- **About this task**
Go through the listing and copy each line with the string "Vector".

☆ ☆ ☆

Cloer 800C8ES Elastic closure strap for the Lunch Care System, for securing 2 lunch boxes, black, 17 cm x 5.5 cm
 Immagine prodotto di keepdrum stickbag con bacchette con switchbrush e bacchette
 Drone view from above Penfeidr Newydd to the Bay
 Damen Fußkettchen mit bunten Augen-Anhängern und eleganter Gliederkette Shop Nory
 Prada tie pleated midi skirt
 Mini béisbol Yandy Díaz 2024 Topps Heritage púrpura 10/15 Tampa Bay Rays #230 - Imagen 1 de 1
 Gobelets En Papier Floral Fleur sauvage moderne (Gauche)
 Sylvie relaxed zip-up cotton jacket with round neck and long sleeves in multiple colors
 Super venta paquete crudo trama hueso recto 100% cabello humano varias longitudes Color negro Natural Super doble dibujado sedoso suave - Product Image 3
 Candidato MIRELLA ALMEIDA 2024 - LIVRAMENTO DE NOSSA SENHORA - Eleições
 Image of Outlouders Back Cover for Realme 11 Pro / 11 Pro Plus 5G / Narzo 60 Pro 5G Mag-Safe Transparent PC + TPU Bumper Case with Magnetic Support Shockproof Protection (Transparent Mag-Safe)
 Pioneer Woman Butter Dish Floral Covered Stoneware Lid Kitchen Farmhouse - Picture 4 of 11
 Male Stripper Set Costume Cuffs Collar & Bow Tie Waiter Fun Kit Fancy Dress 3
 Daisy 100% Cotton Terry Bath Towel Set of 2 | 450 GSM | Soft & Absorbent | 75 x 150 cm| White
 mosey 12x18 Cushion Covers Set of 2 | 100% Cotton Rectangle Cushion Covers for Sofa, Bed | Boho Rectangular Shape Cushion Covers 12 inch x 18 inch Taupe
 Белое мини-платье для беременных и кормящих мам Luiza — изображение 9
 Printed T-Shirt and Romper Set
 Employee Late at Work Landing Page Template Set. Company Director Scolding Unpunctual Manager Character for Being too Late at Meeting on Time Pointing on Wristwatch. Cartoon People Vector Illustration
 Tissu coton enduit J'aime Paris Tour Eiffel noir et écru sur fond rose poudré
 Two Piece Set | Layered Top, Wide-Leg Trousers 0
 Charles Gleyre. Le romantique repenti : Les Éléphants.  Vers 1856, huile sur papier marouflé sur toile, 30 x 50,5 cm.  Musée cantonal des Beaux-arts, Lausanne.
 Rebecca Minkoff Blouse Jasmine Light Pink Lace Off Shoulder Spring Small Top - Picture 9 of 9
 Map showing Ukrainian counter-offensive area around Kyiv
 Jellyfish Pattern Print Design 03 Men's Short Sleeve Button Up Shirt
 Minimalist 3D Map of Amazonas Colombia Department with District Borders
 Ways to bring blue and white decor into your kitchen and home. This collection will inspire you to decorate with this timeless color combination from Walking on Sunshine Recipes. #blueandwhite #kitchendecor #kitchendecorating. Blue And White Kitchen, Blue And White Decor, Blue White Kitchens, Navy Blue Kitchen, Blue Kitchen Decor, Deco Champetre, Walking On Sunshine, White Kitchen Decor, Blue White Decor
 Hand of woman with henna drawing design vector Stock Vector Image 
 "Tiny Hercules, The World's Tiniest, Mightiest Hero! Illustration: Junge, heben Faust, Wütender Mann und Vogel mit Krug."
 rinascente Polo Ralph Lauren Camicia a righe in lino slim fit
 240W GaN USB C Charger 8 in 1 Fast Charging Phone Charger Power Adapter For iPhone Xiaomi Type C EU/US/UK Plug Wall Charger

☆ ☆ ☆

- **Problem solution**
 Employee Late at Work Landing Page Template Set. Company Director Scolding Unpunctual Manager Character for Being too Late at Meeting on Time Pointing on Wristwatch. Cartoon People Vector Illustration
 Hand of woman with henna drawing design vector Stock Vector Image 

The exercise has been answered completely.